§ **Task description**:
The data must be given again exactly as written, with all images omitted.

§ **Exercise material**:
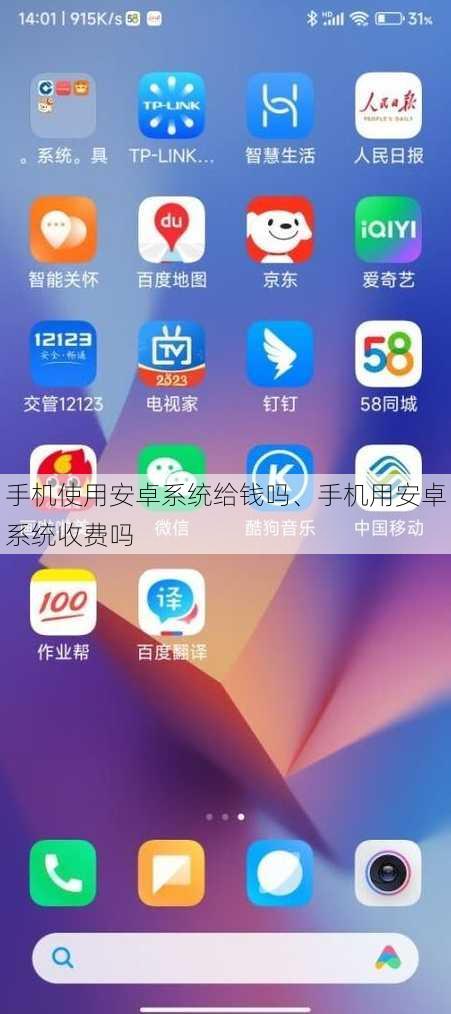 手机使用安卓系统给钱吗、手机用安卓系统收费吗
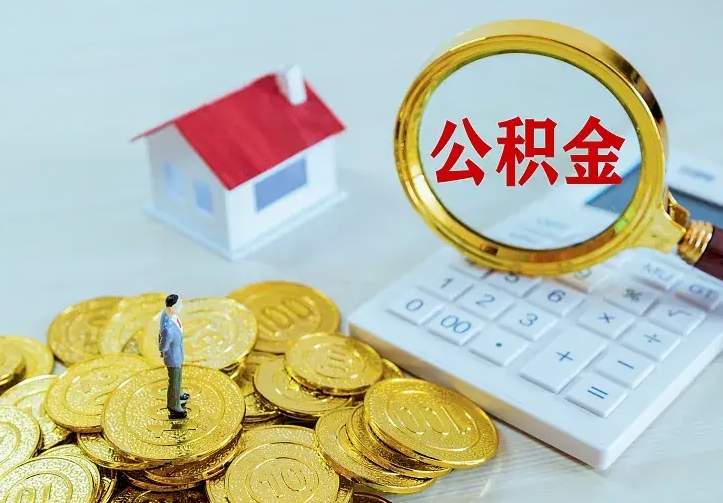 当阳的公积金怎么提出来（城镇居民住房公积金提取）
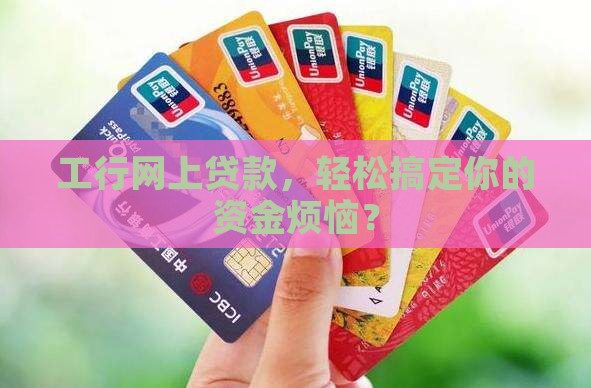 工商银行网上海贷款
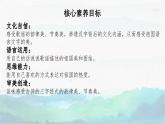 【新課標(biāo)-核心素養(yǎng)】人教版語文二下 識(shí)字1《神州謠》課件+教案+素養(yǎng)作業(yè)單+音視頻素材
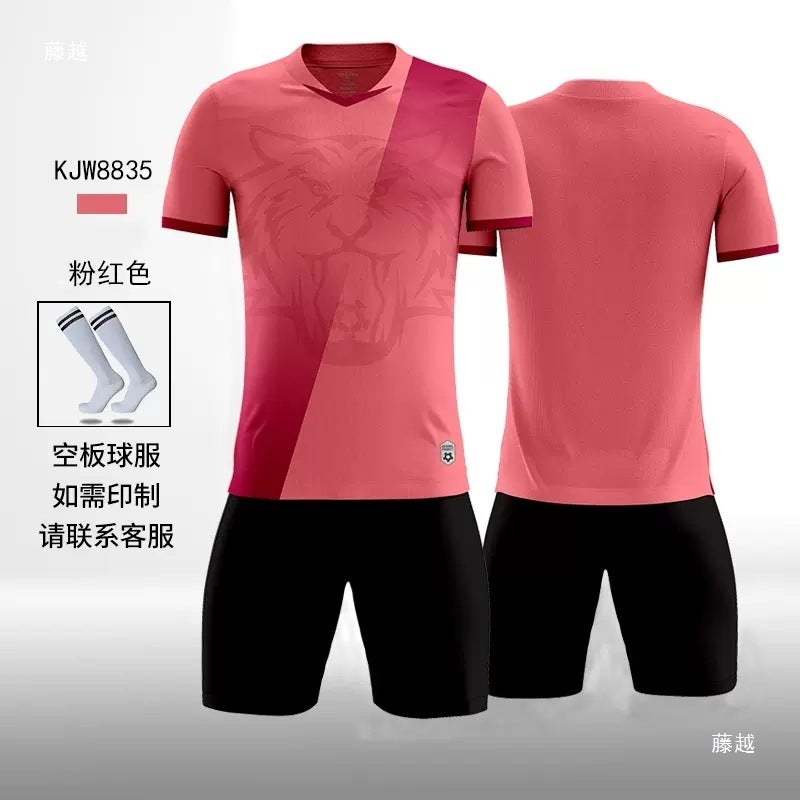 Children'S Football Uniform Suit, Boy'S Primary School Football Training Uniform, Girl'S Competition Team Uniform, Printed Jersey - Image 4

§ **Output for this exercise**:
 手机使用安卓系统给钱吗、手机用安卓系统收费吗
 当阳的公积金怎么提出来（城镇居民住房公积金提取）
 工商银行网上海贷款
 【新課標(biāo)-核心素養(yǎng)】人教版語文二下 識(shí)字1《神州謠》課件+教案+素養(yǎng)作業(yè)單+音視頻素材
 Children'S Football Uniform Suit, Boy'S Primary School Football Training Uniform, Girl'S Competition Team Uniform, Printed Jersey - Image 4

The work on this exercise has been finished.